Espera-se também que sejam anunciadas medidas da reforma imigratória para os 11 milhões de imigrantes que se estima que vivem na América sem estatuto legal, com a proposta de um plano de cidadania faseado ao longo de oito anos – após o qual ficarão legalizados.
Educação
Biden sinalizou também, no seu discurso de vitória, a importância da educação. Elogiando a sua mulher, a professora de inglês Jill Biden, disse: "Aos educadores americanos, este é um grande dia para todos vocês. Vão ter um dos vossos na Casa Branca".
Jill Biden, que tem cinco netos, será a primeira Primeira-Dama a ter um emprego remunerado fora da Casa Branca.
Armas e impostos
Joe Biden disse também que tomaria medidas imediatas para reverter os cortes de impostos, tanto para os particulares como para as empresas, que Trump assegurou em 2017.
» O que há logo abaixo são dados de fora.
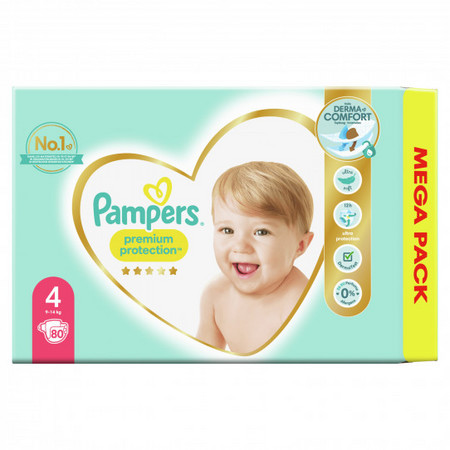 Pampers Premium Protection Taille 4 9-14 kg, x80 Couches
Comprometeu-se igualmente a criar, nos seus primeiros 100 dias de mandato, um novo organismo de supervisão policial para lidar com o racismo institucional.
Espera-se que seja elaborada uma proposta de lei para acabar com as falhas na verificação de antecedentes para a posse de arma.
Será feita também uma proposta no sentido de criar um trajeto para que os cerca de 11 milhões de imigrantes sem documentos legais na América possam vir a adquirir a cidadania.
O novo presidente prometeu também para os seus primeiros 100 dias na Casa Branca "um roteiro para acabar com os sem-abrigo" e para se voltar a permitir que os estudantes transgénero possam praticar desporto e usar as casas de banho de acordo com a sua identidade de género.
Biden terá também de preencher mais de 4.000 postos para a sua Administração, 1.200 dos quais terão de ser confirmados pelo Senado.
Justiça racial
No seu discurso de vitória, Joe Biden comprometeu-se a combater o racismo sistémico na América. "Nos momentos em que esta campanha esteve mais em baixo, a comunidade afro-americana levantou-se em minha defesa", disse Biden batendo com o punho. "Vocês sempre me apoiaram e eu irei sempre apoiar-vos".